## Task goal
For the records below, give the number of lines containing the word "para" and no other text.

Records supplied Start Marker

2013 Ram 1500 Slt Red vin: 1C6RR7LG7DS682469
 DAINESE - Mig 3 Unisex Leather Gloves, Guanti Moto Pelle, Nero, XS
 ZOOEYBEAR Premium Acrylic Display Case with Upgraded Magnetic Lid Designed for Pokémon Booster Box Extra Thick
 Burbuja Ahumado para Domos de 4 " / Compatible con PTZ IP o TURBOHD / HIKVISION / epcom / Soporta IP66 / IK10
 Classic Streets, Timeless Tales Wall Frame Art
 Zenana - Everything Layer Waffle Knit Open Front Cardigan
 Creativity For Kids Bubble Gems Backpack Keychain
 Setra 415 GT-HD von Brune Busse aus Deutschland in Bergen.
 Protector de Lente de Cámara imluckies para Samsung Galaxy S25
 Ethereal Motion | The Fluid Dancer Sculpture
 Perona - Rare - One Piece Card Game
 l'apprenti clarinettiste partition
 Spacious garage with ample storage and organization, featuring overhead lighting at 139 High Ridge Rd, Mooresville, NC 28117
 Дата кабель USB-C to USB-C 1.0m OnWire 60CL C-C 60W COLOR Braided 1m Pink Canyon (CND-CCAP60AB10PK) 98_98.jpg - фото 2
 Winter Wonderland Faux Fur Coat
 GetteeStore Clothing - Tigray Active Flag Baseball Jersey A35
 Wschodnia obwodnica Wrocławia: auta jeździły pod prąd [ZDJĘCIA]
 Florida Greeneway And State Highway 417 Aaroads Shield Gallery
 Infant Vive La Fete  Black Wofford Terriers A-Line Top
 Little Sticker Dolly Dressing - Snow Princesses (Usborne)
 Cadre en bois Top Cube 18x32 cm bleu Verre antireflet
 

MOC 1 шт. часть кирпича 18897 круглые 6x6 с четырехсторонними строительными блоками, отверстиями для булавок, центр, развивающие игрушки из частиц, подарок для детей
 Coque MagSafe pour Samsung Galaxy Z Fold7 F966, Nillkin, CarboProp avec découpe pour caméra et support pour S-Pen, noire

Records supplied End Marker

## Solution to the problem
2